Prime Minister Julia Gillard has declared herself “on the same page” as Nauru and Papua New Guinea, despite concerns Labor’s new Pacific solution could see asylum seekers held indefinitely.
Ms Gillard arrived this afternoon for the Pacific Island Forum in the Cook Islands.
She told reporters soon after landing she will meet the leaders of Nauru and PNG to hammer out agreements on reopening processing centres.
But she denied any difference had emerged with either country over the length of time people might be held.
“Our policy push here is to make sure people do not get any advantage from having got in a boat,” Ms Gillard said.
But she did not say how long people would typically wait for resettlement without attempting a voyage to Australia.

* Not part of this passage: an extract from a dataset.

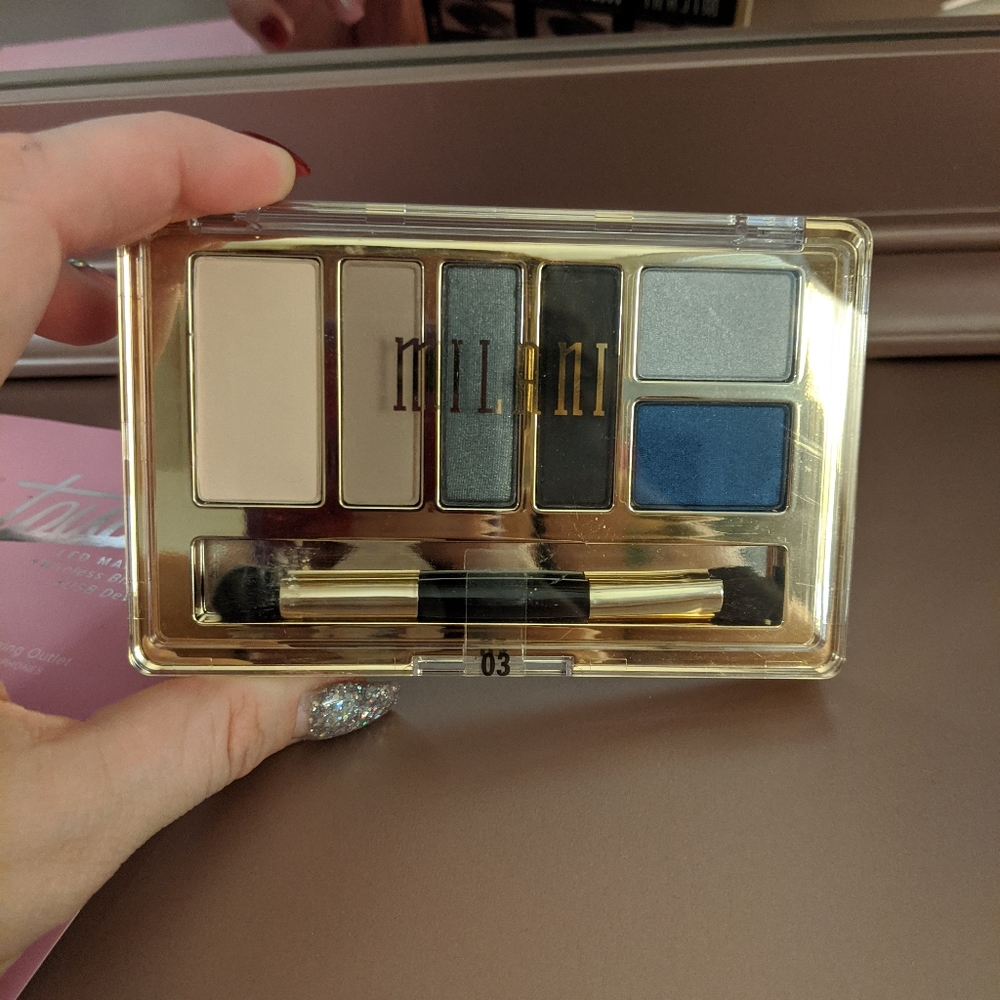 Milani eyeshadow palette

Nauru’s Foreign Minister Keiran Keke said he did not want to see people held indefinitely on Nauru, and joined PNG’s Prime Minister in saying Australia would be expected to settle people found to have genuine asylum claims.
Asylum seekers are far from the only issue on the agenda.
Ms Gillard said the forum would be discussing protecting the Pacific Ocean and building skills for people in the region — and she will also bring a personal focus on gender issues.
“As the only woman attending the forum – the only female leader – I will be focusing on gender equality,” Ms Gillard said.
The Pacific ranks worst in the world on representation of women in politics. When Australia and New Zealand are excluded, only 3.5 per cent of roles in the region are held by women.
Ms Gillard said gender issues mattered not just because men and women should be equal but the participation of women helped development.